* Task to carry out *
Repeat every line of the data exactly; the pictures stay out.

* Data supplied *
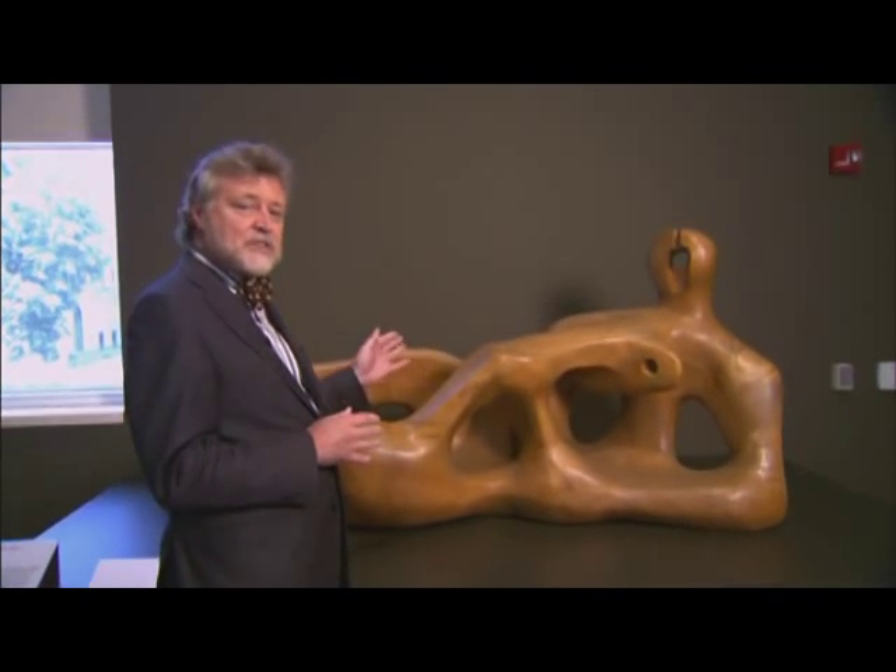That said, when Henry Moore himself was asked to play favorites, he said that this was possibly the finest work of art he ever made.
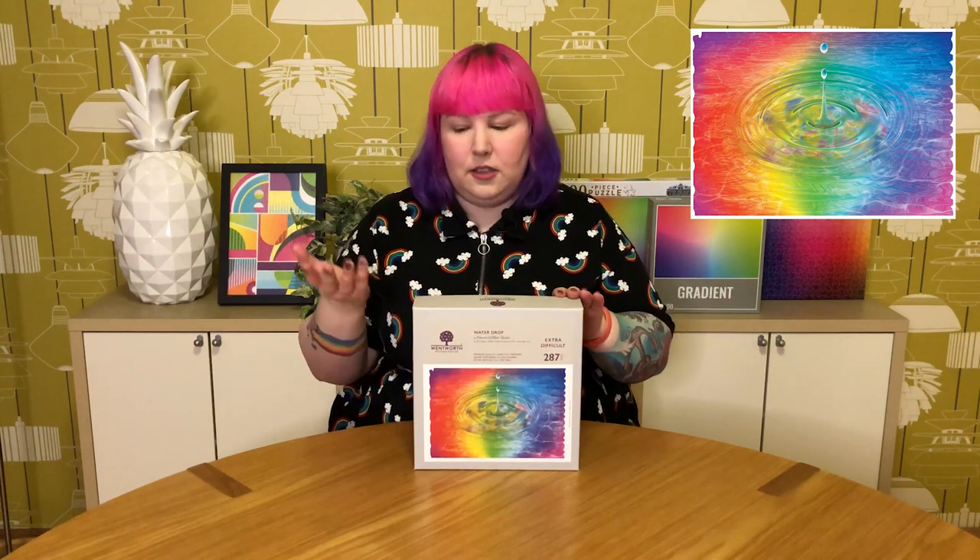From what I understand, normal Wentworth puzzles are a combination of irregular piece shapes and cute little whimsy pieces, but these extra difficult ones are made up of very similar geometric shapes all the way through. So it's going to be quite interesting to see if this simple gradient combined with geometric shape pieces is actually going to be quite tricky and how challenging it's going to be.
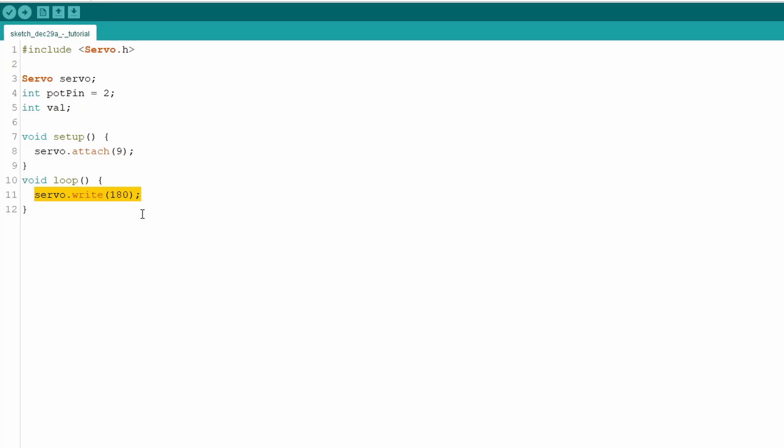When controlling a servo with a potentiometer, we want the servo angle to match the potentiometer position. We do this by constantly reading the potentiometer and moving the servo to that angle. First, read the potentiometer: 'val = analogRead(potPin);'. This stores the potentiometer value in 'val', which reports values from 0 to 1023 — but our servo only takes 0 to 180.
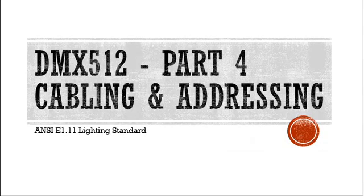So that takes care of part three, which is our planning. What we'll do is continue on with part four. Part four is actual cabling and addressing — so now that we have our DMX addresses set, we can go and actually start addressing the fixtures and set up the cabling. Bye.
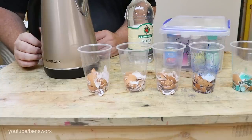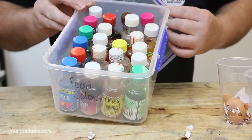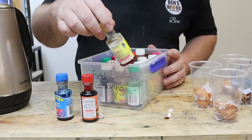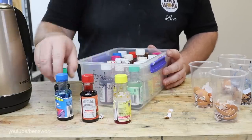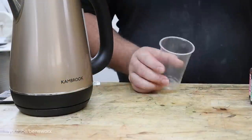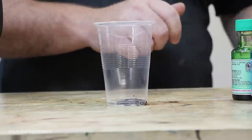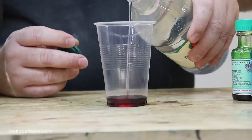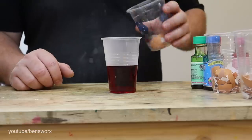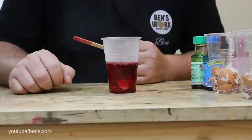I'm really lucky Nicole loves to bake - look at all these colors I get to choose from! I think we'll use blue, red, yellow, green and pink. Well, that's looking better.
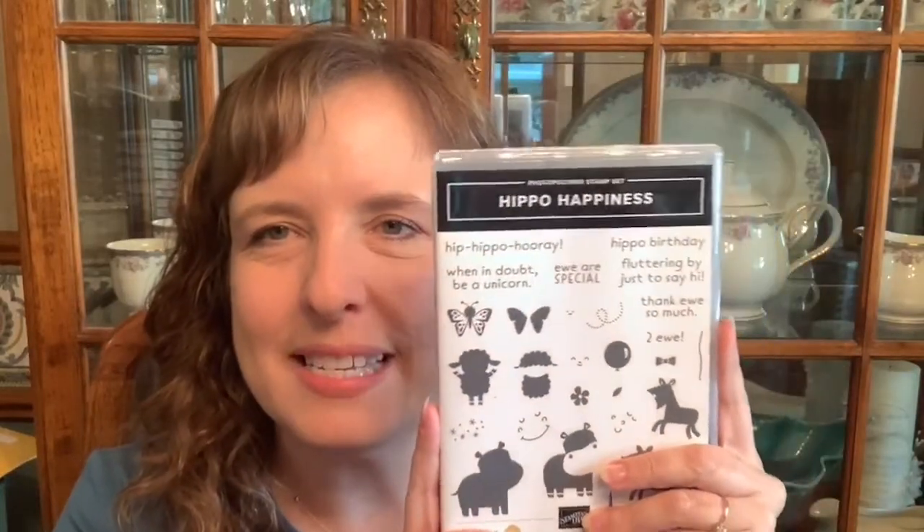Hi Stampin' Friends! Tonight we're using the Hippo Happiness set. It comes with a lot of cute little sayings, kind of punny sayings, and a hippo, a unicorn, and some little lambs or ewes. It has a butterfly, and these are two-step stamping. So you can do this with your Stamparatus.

* Output for this exercise *
That said, when Henry Moore himself was asked to play favorites, he said that this was possibly the finest work of art he ever made.
From what I understand, normal Wentworth puzzles are a combination of irregular piece shapes and cute little whimsy pieces, but these extra difficult ones are made up of very similar geometric shapes all the way through. So it's going to be quite interesting to see if this simple gradient combined with geometric shape pieces is actually going to be quite tricky and how challenging it's going to be.
When controlling a servo with a potentiometer, we want the servo angle to match the potentiometer position. We do this by constantly reading the potentiometer and moving the servo to that angle. First, read the potentiometer: 'val = analogRead(potPin);'. This stores the potentiometer value in 'val', which reports values from 0 to 1023 — but our servo only takes 0 to 180.
So that takes care of part three, which is our planning. What we'll do is continue on with part four. Part four is actual cabling and addressing — so now that we have our DMX addresses set, we can go and actually start addressing the fixtures and set up the cabling. Bye.
I'm really lucky Nicole loves to bake - look at all these colors I get to choose from! I think we'll use blue, red, yellow, green and pink. Well, that's looking better.
Hi Stampin' Friends! Tonight we're using the Hippo Happiness set. It comes with a lot of cute little sayings, kind of punny sayings, and a hippo, a unicorn, and some little lambs or ewes. It has a butterfly, and these are two-step stamping. So you can do this with your Stamparatus.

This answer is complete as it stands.